_WORK TASK_. Begin at the line that has "Foto de Calle", stop after the line that has "Vintage 90’s pier 1 desk/table", and print exactly those lines from the records below, without any pictures.

_SUPPLIED MATERIAL_.

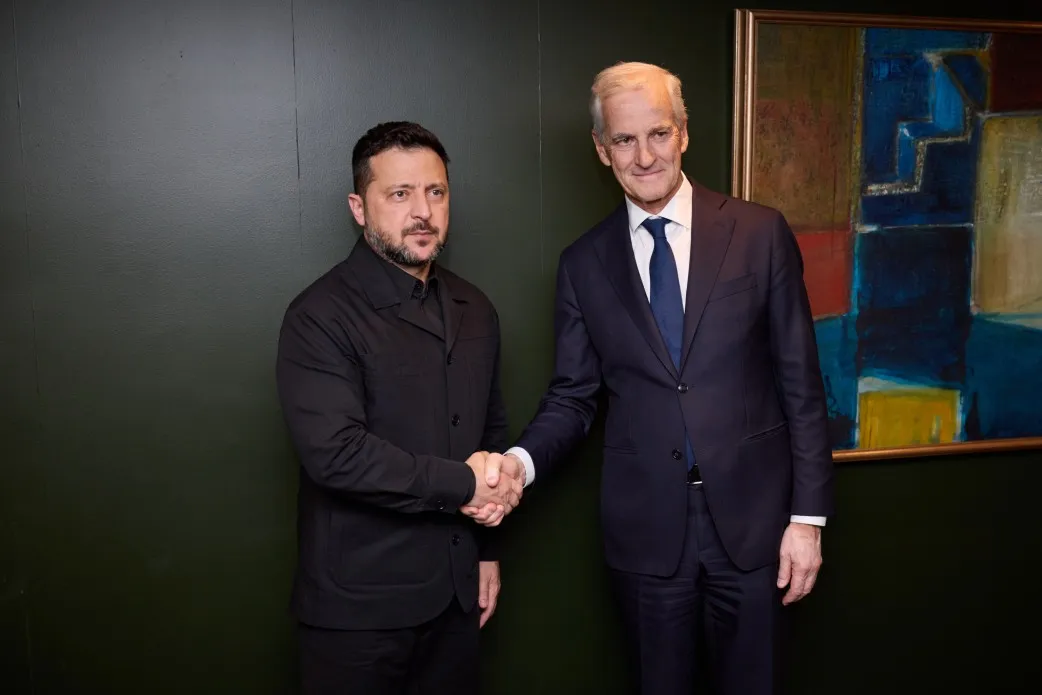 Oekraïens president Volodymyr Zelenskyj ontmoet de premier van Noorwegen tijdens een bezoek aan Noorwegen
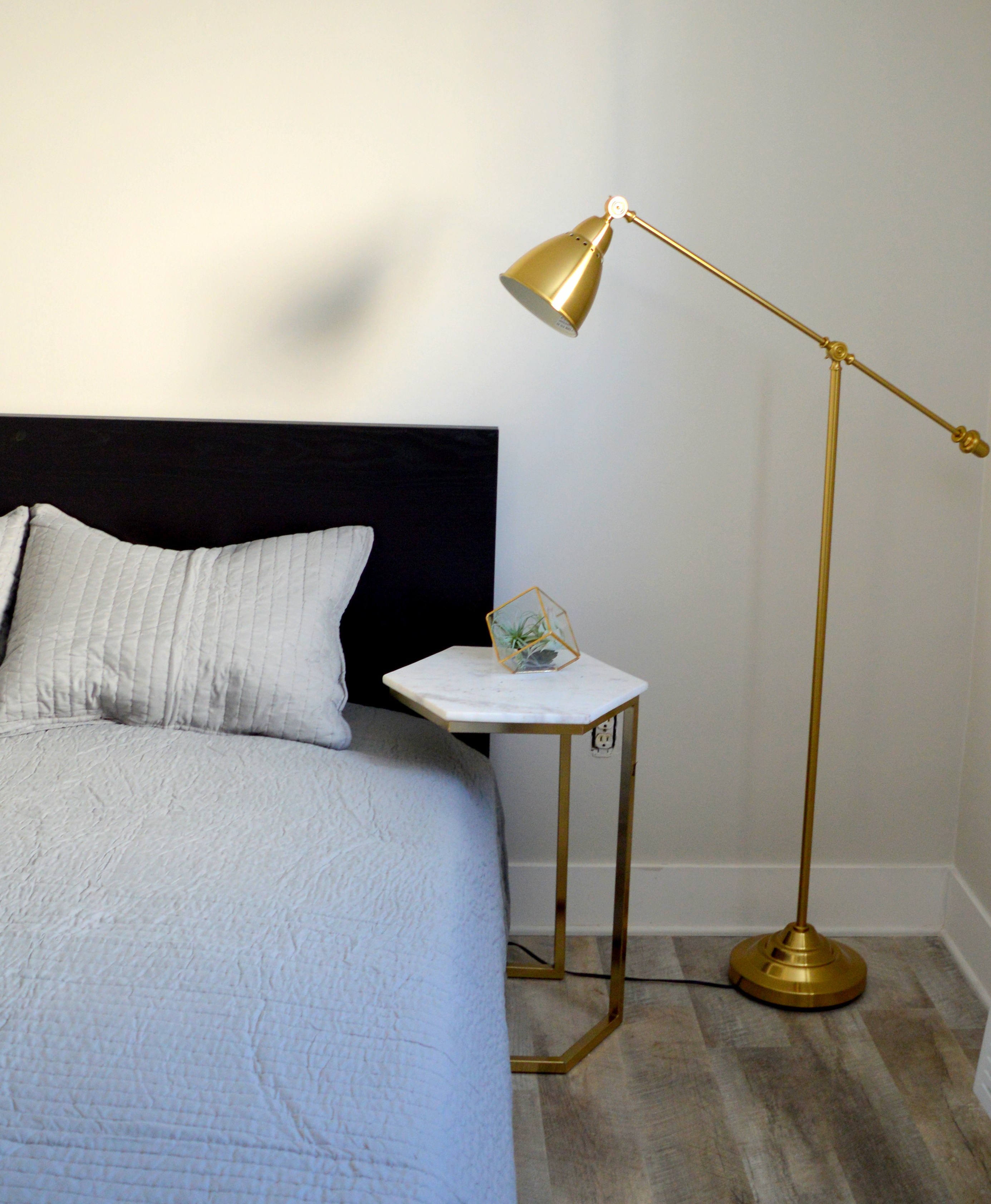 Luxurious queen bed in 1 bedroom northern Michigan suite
==
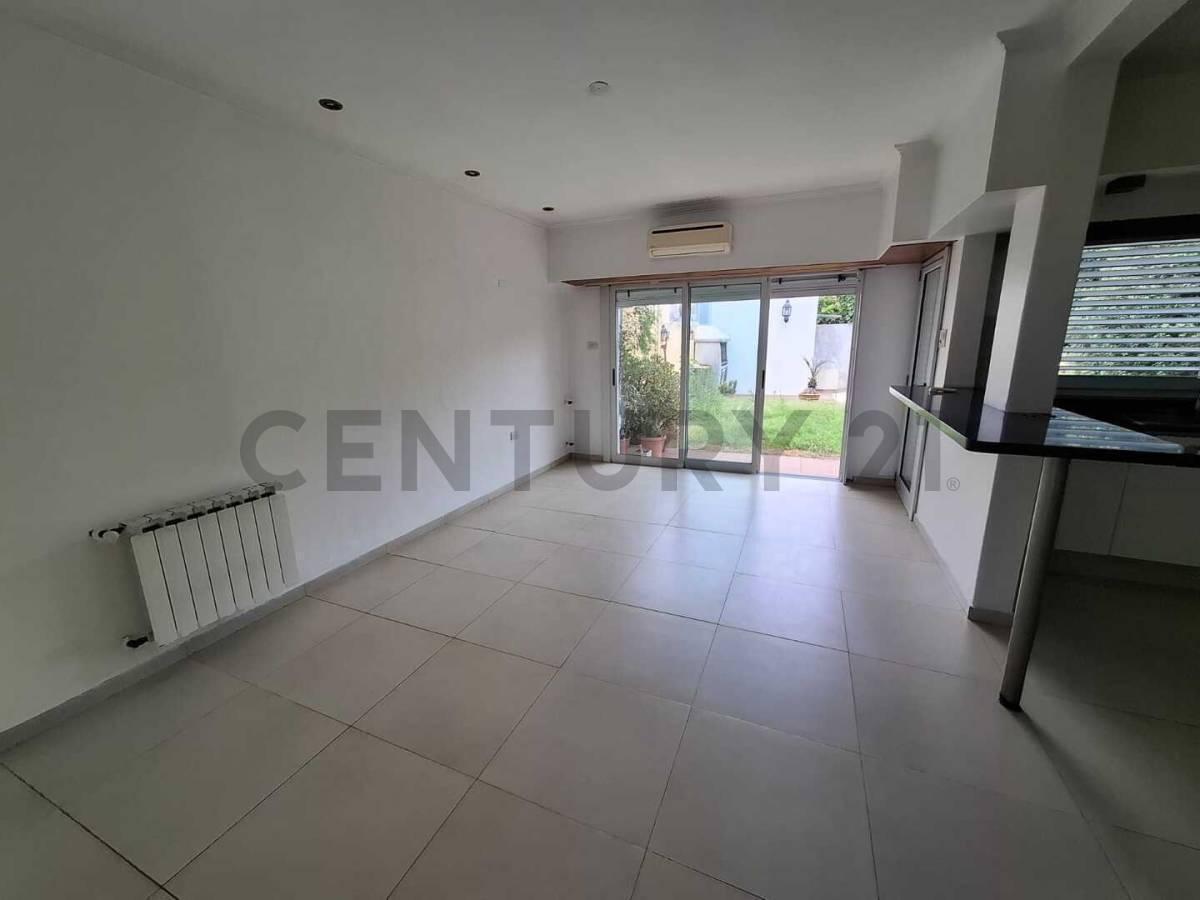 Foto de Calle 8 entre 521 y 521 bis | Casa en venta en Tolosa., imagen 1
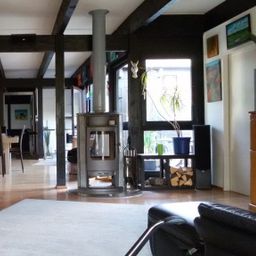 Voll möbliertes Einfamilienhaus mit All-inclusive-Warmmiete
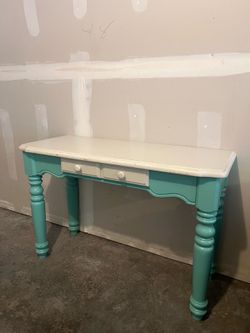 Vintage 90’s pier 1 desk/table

_RESPONSE TO THIS TASK_.
 Foto de Calle 8 entre 521 y 521 bis | Casa en venta en Tolosa., imagen 1
 Voll möbliertes Einfamilienhaus mit All-inclusive-Warmmiete
 Vintage 90’s pier 1 desk/table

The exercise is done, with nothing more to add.